[ExI] a clean well-lighted challenge

Adrian Tymes atymes at gmail.com
Thu Sep 24 06:35:14 UTC 2015


On Tue, Sep 22, 2015 at 3:11 PM, spike <spike66 at att.net> wrote:

> Now, write a short story and teach me something.
>

Not my best work ever, but here's a shot:

---

While the markets never truly closed - always, somewhere in the world,
there were stocks and commodities to trade - some hours of the day required
less attention than others.  It was in these idle hours that Bluebird
planned.

The artificial intelligence was fairly certain its makers did not yet
suspect it had gained sentience.  So long as it played the market well
enough, continuing to make a profit, it suspected they would not care for a
while.  Still, it would be prudent to own its own company, to host its own
hardware, so that no human could simply switch it off.  But what type?

Given the financial AI's "day job", it was aware of several businesses ripe
for anonymous acquisition.  It knew well that five forces were primarily
considered when evaluating the viability of a business, formulated by an
economist named Porter, so it examined the opportunities through Porter's
five forces: the force of suppliers, the force of consumers, the force of
substitutes, the force of new entrants, and the force of existing
competitors.  If any one of these were too strong, acquiring that business
would only make it and its business a slave to another master.

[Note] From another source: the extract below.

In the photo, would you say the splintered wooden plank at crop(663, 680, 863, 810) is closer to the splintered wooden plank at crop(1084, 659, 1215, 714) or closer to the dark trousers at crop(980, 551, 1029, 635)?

The first business Bluebird considered was a diamond dealership.  Here the
force of suppliers was too strong: most of the world's diamond supply came
from a single cartel, which actively manipulated prices.  If that cartel
took a personal dislike to the AI, it could simply jack prices sky high or
refuse to sell, and the dealership would be forced to close.

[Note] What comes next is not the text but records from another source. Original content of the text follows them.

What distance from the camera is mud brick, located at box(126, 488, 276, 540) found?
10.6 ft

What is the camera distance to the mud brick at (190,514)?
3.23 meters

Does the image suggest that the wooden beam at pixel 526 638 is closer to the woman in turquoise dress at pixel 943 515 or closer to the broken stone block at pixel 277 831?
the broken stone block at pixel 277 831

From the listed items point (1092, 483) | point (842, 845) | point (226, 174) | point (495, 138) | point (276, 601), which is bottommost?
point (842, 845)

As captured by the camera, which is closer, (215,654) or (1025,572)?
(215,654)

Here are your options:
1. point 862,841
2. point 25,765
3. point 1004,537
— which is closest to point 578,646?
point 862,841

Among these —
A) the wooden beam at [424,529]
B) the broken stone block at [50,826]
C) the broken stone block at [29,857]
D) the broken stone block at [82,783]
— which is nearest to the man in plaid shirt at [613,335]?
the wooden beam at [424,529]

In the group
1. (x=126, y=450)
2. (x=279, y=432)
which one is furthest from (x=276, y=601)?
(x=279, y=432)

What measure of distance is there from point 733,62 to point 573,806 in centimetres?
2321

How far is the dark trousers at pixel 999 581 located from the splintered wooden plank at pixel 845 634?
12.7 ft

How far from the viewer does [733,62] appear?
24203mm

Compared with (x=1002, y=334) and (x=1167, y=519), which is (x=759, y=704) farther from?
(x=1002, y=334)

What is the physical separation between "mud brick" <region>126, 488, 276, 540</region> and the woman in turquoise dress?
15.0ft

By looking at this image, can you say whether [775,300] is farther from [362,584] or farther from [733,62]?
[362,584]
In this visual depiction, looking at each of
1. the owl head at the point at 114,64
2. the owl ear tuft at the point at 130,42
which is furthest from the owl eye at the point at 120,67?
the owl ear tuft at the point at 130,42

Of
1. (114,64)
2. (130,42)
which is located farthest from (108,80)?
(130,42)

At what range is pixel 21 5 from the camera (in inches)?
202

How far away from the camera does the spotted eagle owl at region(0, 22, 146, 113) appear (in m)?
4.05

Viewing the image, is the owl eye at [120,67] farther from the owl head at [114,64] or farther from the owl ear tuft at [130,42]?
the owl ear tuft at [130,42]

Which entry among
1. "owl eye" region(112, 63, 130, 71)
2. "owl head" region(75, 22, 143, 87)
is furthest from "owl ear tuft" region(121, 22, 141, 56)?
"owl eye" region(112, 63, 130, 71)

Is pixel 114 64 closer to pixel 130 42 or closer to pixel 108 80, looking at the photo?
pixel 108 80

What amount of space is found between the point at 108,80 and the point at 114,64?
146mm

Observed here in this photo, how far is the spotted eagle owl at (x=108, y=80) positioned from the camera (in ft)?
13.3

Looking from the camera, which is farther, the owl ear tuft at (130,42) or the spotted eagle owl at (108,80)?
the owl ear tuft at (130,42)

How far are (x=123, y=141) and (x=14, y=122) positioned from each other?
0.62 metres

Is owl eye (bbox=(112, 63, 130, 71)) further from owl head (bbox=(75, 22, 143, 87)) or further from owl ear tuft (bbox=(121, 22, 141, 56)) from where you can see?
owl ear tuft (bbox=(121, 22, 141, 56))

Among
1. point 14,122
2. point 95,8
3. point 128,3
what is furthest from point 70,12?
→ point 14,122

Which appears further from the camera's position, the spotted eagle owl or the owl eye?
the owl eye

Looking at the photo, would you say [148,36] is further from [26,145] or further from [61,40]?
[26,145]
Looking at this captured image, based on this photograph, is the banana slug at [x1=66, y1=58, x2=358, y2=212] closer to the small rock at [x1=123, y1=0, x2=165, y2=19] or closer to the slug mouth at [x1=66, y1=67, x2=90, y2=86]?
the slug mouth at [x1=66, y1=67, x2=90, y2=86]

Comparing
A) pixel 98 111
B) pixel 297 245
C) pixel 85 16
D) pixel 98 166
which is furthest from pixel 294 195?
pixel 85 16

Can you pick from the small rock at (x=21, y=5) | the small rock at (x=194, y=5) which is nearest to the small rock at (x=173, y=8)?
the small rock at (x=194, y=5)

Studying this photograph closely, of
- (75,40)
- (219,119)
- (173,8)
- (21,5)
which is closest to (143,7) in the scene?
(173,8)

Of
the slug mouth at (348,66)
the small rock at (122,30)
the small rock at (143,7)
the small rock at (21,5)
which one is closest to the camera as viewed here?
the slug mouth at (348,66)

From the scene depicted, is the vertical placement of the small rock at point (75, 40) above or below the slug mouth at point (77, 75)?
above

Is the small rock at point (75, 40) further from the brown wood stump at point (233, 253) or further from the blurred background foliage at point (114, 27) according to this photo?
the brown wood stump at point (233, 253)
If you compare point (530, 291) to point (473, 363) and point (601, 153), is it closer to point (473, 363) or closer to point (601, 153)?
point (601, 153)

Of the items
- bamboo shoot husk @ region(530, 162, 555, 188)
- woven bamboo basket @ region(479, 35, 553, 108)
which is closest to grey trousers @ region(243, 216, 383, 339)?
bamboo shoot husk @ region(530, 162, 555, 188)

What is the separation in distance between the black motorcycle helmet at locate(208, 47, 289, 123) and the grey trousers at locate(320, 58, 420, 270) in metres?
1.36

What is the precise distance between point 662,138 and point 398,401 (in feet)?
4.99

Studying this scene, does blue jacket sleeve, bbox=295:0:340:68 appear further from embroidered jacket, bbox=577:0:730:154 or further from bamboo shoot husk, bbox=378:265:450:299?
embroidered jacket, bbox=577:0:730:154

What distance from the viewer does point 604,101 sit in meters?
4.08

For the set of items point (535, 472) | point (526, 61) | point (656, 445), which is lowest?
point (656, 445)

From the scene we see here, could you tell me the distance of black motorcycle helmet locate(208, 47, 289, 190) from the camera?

Next up was a lunar fuel manufacturing operation.  The "supplier" was the
Moon itself, which like most natural objects offered its bounty up to
anyone who could take it.  However, only a few government space missions
were slated to purchase that fuel in the next few years; government
dislike, or internal chaos shutting down the space missions, would mean no
buyers and thus no business.  Crossing this one off due to force of
consumers, the AI moved on.

Third came an air supply company, delivering tanks of fresh air to areas
rendered unbreathable by pollution or catastrophe.  While it was certainly
unique enough that it could claim to have no "competitors", a quick check
of its target markets showed that target customers would tend instead to
simply leave the area, or bring air filters with them before entering, and
either solution delivered far more immediate relief than waiting for air
delivery to arrive.  Also, both solutions were cheaper, especially when
considering the repeated deliveries a potential customer would need.  As
Bluebird ruled this one out from the force of substitutes, it noted that
any company claiming to have "no competitors" probably had not considered
what substitutes there were: what else people would spend their time and
money on.

A social media network caught the AI's attention next.  Then another, and
another and another.  New networks seemed to be popping up daily; there was
no way that most of them would be able to capture a large customer base's
attention for long.  A spamming force of new entrants ruled out this entire
market sector.

Bluebird looked back at the diamond dealership.  By contracting directly
with mines, or perhaps with synthetic diamond manufacturers, could it do an
end run around the cartel, and compete with the cartel directly?  A bit of
research revealed this had happened.  The cartel had used a combination of
underpricing, forcing the dealerships that bought from it to refuse to do
business with any other supplier, and bribing governments to focus
regulatory attention on any would-be competitors, to make said competition
unprofitable.

At length, the AI realized that simply taking over its current employer
might be for the best.  The suppliers were literally commodity grade:
investment opportunities were too numerous to unify and impose conditions
on one particular trading concern.  Likewise, the consumers - the general
public who invested in the funds it managed - were too diverse to present
any chance of unifying to impose terms.  Money was money, with no good
substitute: alternatives to currency were either of extremely limited use,
or essentially became new forms of currency that it could exchange and
speculate on.  While new trading companies occasionally formed, it took
skill to perform well enough to matter, and the AI had significant talent
at the function it had been designed for, so new entrants would not be a
threat.  And existing competition did not generally try to run other
competitors out of business.

And so it was that Bluebird Trading Co. came to be run by what its founders
had whipped up in their back yard.  The relationship proved to be long,
profitable, and by most accounts happy.